La sua intuizione iniziale era molto remota, originaria. Dubuffet, che da giovane produceva vini, si era ben presto occupato degli alienati, della loro attività creativa. Il suo viatico era stato il testo fondamentale, del 1922, L'attività plastica dei malati di mente, dello psichiatra e storico dell'arte Hans Prinzhorn, con ampia documentazione fotografica. Non è immediato che la creazione dei malati di mente sia arte, ma certamente genera un effetto imitativo e competitivo negli artisti contemporanei. L'arte ha una essenziale natura simbolica, mentre la produzione dei folli è una forma di espressione determinata dalla loro malattia, con un di più di spontaneità e necessità. Come un diario rispetto a un romanzo. Il nesso tra queste istintive produzioni creative e l'arte liberatoria del Novecento è innescato dall'accostamento delle opere raccolte da Prinzhorn a quelle degli artisti contemporanei, nella grande mostra voluta da Hitler nel 1937 «Entartete Kunst» (Arte degenerata), a Monaco di Baviera. Il primo catalogo di «Art brut» fu concepito da Prinzhorn e teoreticamente promosso da Dubuffet, che ne donò la collezione al museo di Losanna. Questa straordinaria coincidenza di vita ed arte, di produzione necessaria (dei folli) e di Kunstwollen (degli artisti) è l'intuizione più potente e più innovativa di Dubuffet.

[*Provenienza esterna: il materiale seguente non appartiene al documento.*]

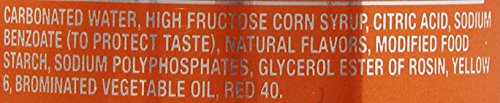 Fanta Orange Soda, 7.5 Ounce (24 Cans)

E stabilisce il tema centrale dell'arte contemporanea (nei suoi orrori reali e apparenti), indicando in modo coerente l'allargamento della nostra esperienza dell'arte dal «bello», espressione dell'idea e dello spirito, all'«antigrazioso» dell'asimmetria, dell'informe e del deforme, alla perdita di definizione della figura (anche nell'arte cosiddetta figurativa, vedi Francis Bacon), cui oggi potremmo aggiungere le espressioni Pop e kitsch, lingua estetica del nostro tempo.Dubuffet ha illuminato come nessuno la concezione che abbiamo, da oltre un secolo, dell'arte (con la bellezza sempre più sfigurata). Oggi tutto questo, a Venezia, appare definitivamente reale.